Depuis on sait ce qu’il advint : La CGT avait malheureusement raison. L’entreprise Goss a fait faillite en 2013 et a été rachetée à la barre du tribunal de commerce par la maison mère. Cette cession exonérait l’entreprise d’un coûteux plan social, mais elle a été annulée en décembre 2015 par les juges. La centaine de salariés qui avait été reprise s’est retrouvée le bec dans l’eau. Plus d’employeurs, plus de salaires, a dit en substance le groupe américain. Mais jeudi soir, la CFDT et la CFE-CGC ont obtenu gain de cause.
Le feuilleton Goss pourrait trouver rapidement sa conclusion. Les salariés, prochainement licenciés, avec leurs indemnités et leur solde de tout compte, réglés par l’AGS, l’Association de garantie des créances des salariés.
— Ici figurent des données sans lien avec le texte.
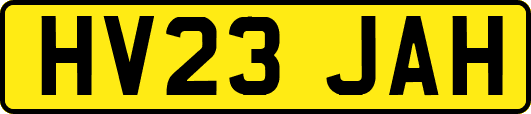 HV23JAH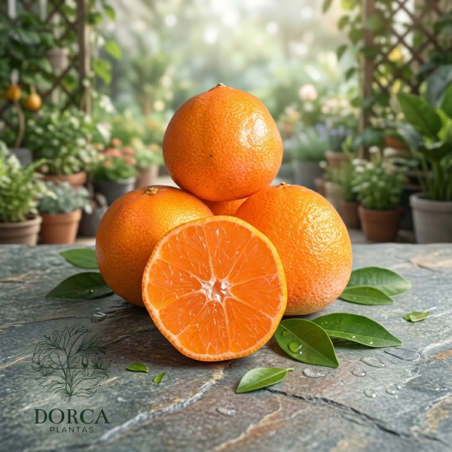 Mandarina Marisol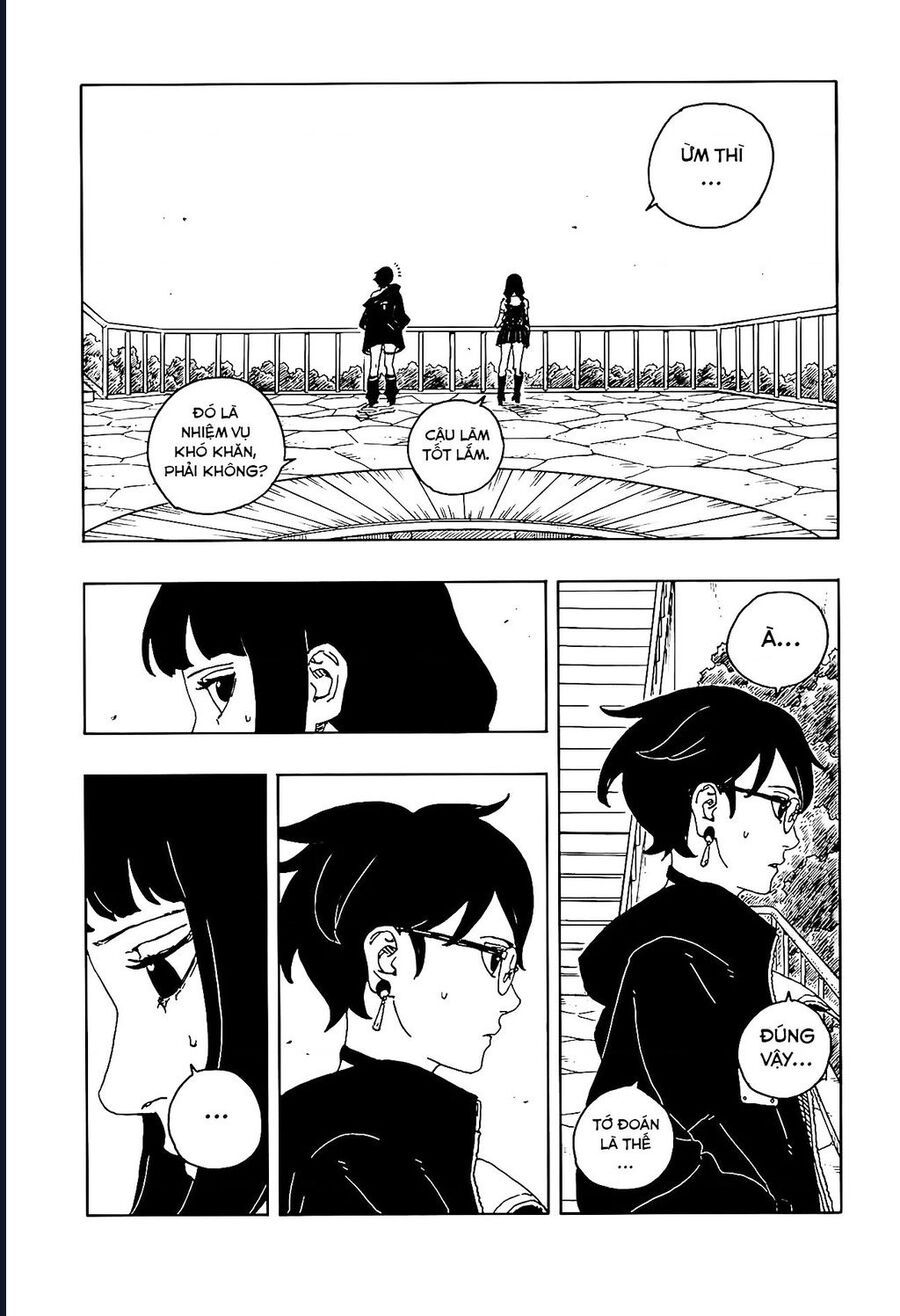Uzumaki Boruto Chap 105 - Next Chap 106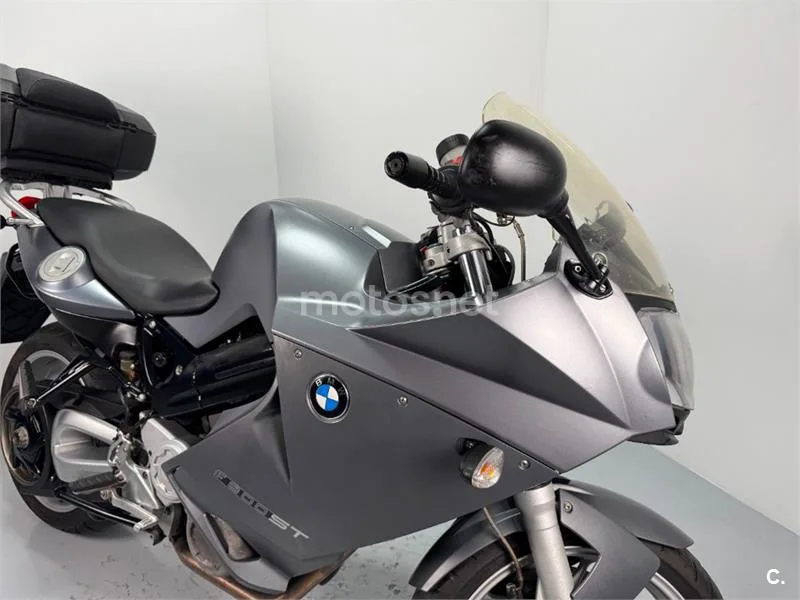 BMW F 800 ST – Vista 3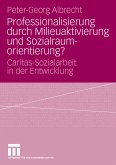 Professionalisierung durch Milieuaktivierung und Sozialraumorientierung? (eBook, PDF)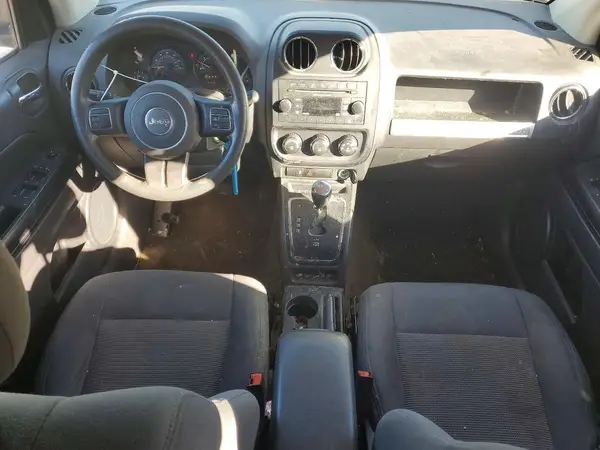 1C4NJCBA8GD640681 2016 JEEP COMPASS - Image 8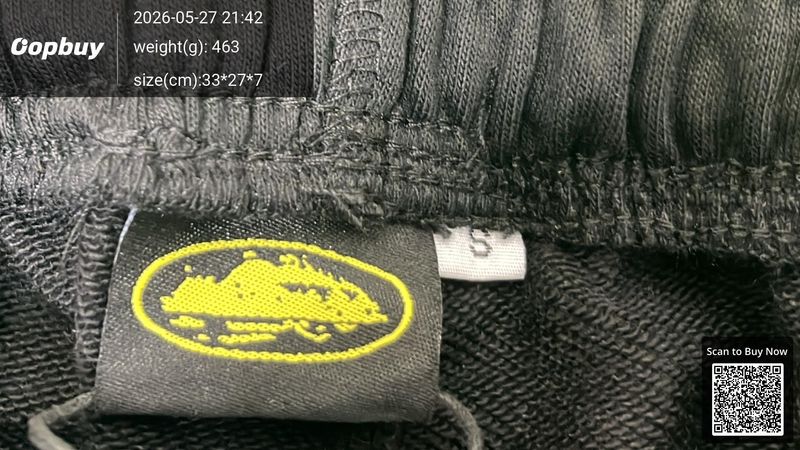 Corteiz Shorts QC 3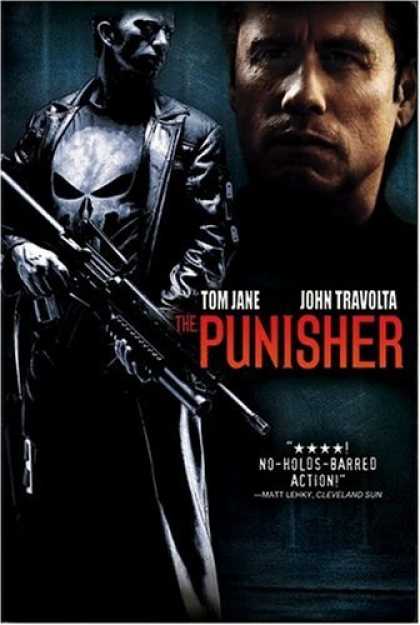Bestselling Movies (2006) - The Punisher by Jonathan Hensleigh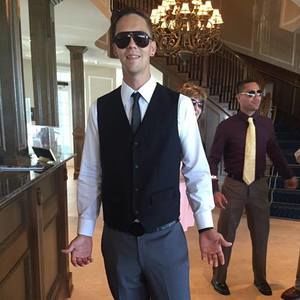 Meet your Posher, Jonathan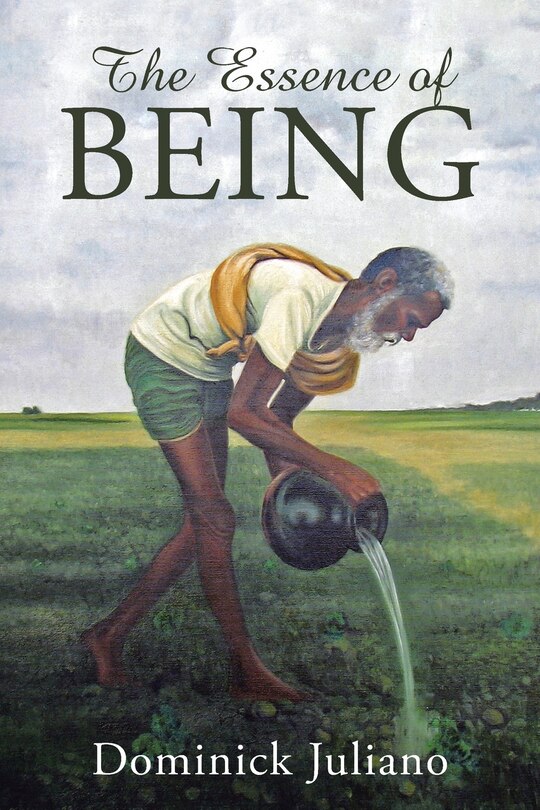 Front cover_The Essence of Being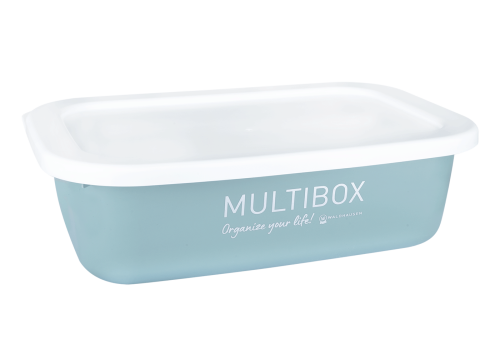 Pojemnik do stajni Waldhausen Multibox 3l w kolorze turkusowym
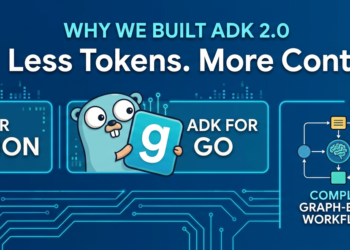 Why we constructed ADK 2.0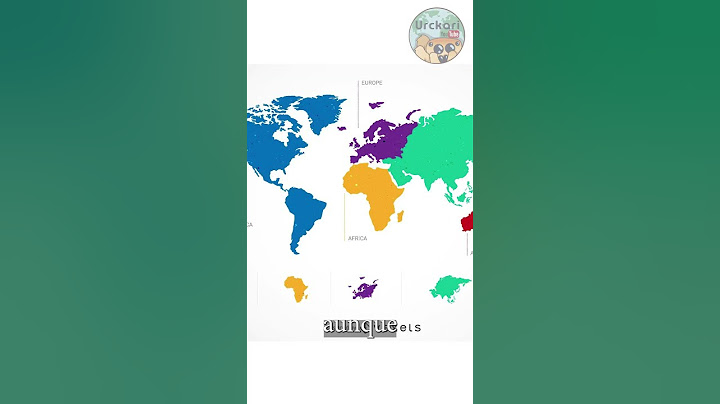 El sexto continente / Curiosidades de Antártida #urckari #geografía #Antártida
L’accord global prévoit aussi le versement de six mois de salaire brut aux 500 salariés et ex-Goss, contre l’abandon de tout recours en justice. Une facture salée pour l’AGS, (belle solidarité des employeurs qui vont payer à la place du groupe GOSS) estimée à 6 millions d’euros. Mais il restera un goût amer face à la déconfiture d’un géant qui a déserté la France et transféré toutes ses activités à l’étranger.
La CGT en était persuadée, il existait une autre solution que celle du plan social pour Goss. Selon le syndicat, elle résidait dans la production de pièces pour éoliennes dans cette entreprise spécialisée dans les rotatives. Pour les délégués CGT de cette entreprise phare de Montataire et Alain Lebrun, patron du syndicat dans l’Oise, « Tout est là. Il faut juste maintenir voire peut-être développer l’existant. » Selon eux, « Goss Montataire pouvait assurer la maîtrise de fabrication de sept composants d’éoliennes : multiplicateur, arbre principal, système d’orientation de la nacelle, système d’orientation des pâles, châssis de la nacelle, composants électriques, contrôle et commandes et frein ». Il était également possible « d’assurer l’assemblage des nacelles sur le site ».
Une activité complémentaire de celle du géant du secteur, Enercon, qui a installer son usine de mâts non loin de là, à Longueil-Sainte-Marie. Et si les éoliennes semblent bien éloignées des rotatives que fabriquait Goss, les compétences des ouvriers en matière d’assemblage rendaient cette diversification possible, selon la CGT. « Le matériel dont on dispose le permet également, assurait un délégué. Les pièces et les formes sont différentes, mais il suffit de reprogrammer les machines. » L’idée pouvait surprendre, mais n’était pas nouvelle. « En 2008, alors qu’on nous dépeignait une situation et des perspectives difficiles, on avait déjà évoqué cette possibilité », confie Denis Tomczak, secrétaire adjoint du CE et délégué syndical CGT. Pour faire valoir cette idée, Alain Lebrun avait également rappelé que, « dans le cadre du développement durable et de l’énergie propre, l’éolien est en plein essor», surtout dans une région telle que la Picardie, « première de France » dans ce domaine.